OpenAI CEO Sam Altman (left) and Meta AI chief Yann LeCun (right) have differing views on the future … [+] of large language models.
In case you haven’t heard, artificial intelligence is the hot new thing.
Generative AI seems to be on the lips of every venture capitalist, entrepreneur, Fortune 500 CEO and journalist these days, from Silicon Valley to Davos.
To those who started paying real attention to AI in 2022, it may seem that technologies like ChatGPT and Stable Diffusion came out of nowhere to take the world by storm. They didn’t.
Back in 2020, we wrote an article in this column predicting that generative AI would be one of the pillars of the next generation of artificial intelligence.
Since at least the release of GPT-2 in 2019, it has been clear to those working in the field that generative language models were poised to unleash vast economic and societal transformation. Similarly, while text-to-image models only captured the public’s attention last summer, the technology’s ascendance has appeared inevitable since OpenAI released the original DALL-E in January 2021. (We wrote an article making this argument days after the release of the original DALL-E.)
By this same token, it is important to remember that the current state of the art in AI is far from an end state for AI’s capabilities. On the contrary, the frontiers of artificial intelligence have never advanced more rapidly than they are right now. As amazing as ChatGPT seems to us at the moment, it is a mere stepping stone to what comes next.
What will the next generation of large language models (LLMs) look like? The answer to this question is already out there, under development at AI startups and research groups at this very moment.
This article highlights three emerging areas that will help define the next wave of innovation in generative AI and LLMs. For those looking to remain ahead of the curve in this fast-changing world—read on.
1) Models that can generate their own training data to improve themselves.
Consider how humans think and learn. We collect knowledge and perspective from external sources of information—say, by reading a book. But we also generate novel ideas and insights on our own, by reflecting on a topic or thinking through a problem in our minds.
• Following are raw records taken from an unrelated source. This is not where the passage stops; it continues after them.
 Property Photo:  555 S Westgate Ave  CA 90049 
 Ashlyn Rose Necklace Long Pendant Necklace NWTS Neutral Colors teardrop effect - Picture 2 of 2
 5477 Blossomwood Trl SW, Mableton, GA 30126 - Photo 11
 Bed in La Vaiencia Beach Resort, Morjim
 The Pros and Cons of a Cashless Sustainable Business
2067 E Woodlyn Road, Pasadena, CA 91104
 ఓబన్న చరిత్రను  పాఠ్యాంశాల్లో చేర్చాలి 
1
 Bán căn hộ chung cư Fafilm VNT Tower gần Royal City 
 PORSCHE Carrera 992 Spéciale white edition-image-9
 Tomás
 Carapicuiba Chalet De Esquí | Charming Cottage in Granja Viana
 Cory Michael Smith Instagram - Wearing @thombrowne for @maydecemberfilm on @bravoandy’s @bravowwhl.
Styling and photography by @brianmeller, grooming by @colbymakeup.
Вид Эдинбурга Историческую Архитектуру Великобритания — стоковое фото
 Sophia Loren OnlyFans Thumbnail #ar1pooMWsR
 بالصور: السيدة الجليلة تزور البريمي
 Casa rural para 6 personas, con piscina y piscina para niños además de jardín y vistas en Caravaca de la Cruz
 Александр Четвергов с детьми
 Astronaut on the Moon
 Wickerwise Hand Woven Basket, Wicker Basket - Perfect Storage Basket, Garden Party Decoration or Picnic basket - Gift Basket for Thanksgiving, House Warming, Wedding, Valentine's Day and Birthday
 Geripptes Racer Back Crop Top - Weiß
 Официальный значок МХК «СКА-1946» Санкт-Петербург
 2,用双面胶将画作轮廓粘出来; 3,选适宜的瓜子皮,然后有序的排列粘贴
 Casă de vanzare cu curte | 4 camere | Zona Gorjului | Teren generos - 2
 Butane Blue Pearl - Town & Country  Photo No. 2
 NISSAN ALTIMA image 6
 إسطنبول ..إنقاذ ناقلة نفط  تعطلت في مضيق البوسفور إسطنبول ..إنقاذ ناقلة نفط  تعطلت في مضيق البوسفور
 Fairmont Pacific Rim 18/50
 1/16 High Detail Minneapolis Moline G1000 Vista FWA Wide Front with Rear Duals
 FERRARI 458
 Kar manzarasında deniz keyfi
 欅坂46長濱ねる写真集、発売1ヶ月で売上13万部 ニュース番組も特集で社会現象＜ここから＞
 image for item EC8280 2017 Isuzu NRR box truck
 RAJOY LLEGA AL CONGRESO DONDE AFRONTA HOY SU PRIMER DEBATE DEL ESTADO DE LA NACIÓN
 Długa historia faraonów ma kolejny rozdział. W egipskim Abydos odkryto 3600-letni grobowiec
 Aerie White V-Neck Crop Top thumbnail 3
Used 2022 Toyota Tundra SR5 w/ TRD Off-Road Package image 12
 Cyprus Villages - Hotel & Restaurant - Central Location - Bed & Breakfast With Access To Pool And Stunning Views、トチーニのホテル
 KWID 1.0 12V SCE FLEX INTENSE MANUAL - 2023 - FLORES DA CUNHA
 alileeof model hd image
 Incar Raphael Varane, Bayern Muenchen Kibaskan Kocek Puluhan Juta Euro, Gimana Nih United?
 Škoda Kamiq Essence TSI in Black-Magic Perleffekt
We are able to deepen our understanding of the world via internal reflection and analysis not directly tied to any new external input.
A new avenue of AI research seeks to enable large language models to do something analogous, effectively bootstrapping their own intelligence.
As part of their training, today’s LLMs ingest much of the world’s accumulated written information (e.g., Wikipedia, books, news articles). What if these models, once trained, could use all the knowledge that they have absorbed from these sources to produce new written content—and then use that content as additional training data in order to improve themselves? Initial work suggests that this approach may be possible—and powerful.
In one recent research effort, aptly titled “Large Language Models Can Self-Improve,” a group of Google researchers built an LLM that can come up with a set of questions, generate detailed answers to those questions, filter its own answers for the most high-quality output, and then fine-tune itself on the curated answers. Remarkably, this leads to new state-of-the-art performance on various language tasks. For instance, the model’s performance increased from 74.2% to 82.1% on GSM8K and from 78.2% to 83.0% on DROP, two popular benchmarks used to evaluate LLM performance.
Another recent work builds on an important LLM method called “instruction fine-tuning,” which lies at the core of products like ChatGPT. Whereas ChatGPT and other instruction fine-tuned models rely on human-written instructions, this research group built a model that can generate its own natural language instructions and then fine-tune itself on those instructions. The performance gains are dramatic: this method improves the performance of the base GPT-3 model by 33%, nearly matching the performance of OpenAI’s own instruction-tuned model.
In a thematically related work, researchers from Google and Carnegie Mellon show that if a large language model, when presented with a question, first recites to itself what it knows about the topic before responding, it provides more accurate and sophisticated responses. This can be loosely analogized to a human in conversation who, rather than blurting out the first thing that comes to mind on a topic, searches her memory and reflects on her beliefs before sharing a perspective.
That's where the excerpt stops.